TASK BRIEF ▸
Reproduce word for word the lines between those holding "Citroen C4 Picasso" and "মাদারীপুর ও শরীয়তপুরে", inclusive, and nothing else from the data below.

DATA FOR THIS EXERCISE ▸
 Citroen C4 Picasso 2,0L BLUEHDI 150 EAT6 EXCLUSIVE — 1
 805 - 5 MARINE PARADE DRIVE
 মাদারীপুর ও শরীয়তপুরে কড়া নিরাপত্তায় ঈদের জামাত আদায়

* * *

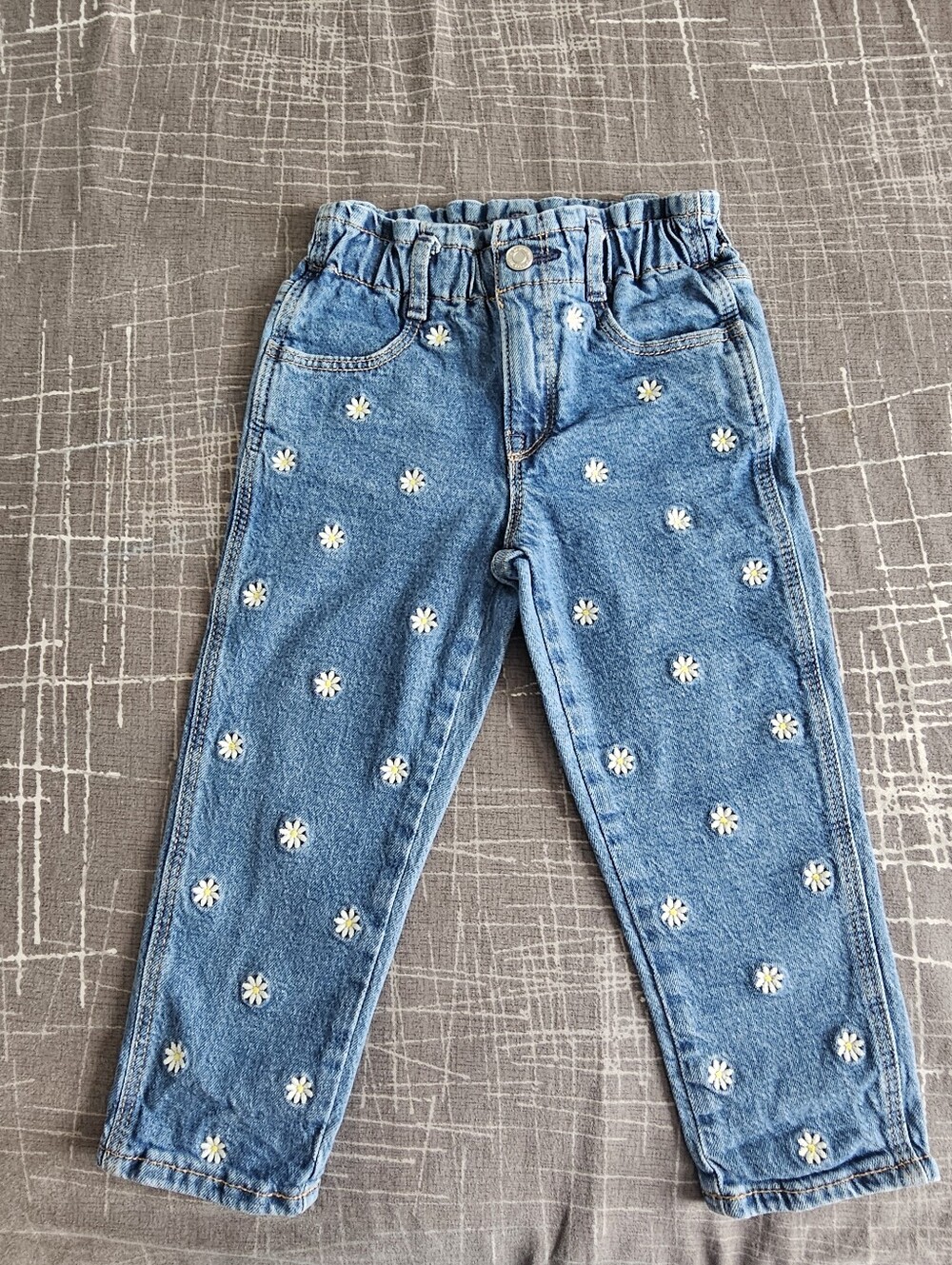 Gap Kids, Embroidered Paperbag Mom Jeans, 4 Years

SOLUTION TO THE PROBLEM ▸
 Citroen C4 Picasso 2,0L BLUEHDI 150 EAT6 EXCLUSIVE — 1
 805 - 5 MARINE PARADE DRIVE
 মাদারীপুর ও শরীয়তপুরে কড়া নিরাপত্তায় ঈদের জামাত আদায়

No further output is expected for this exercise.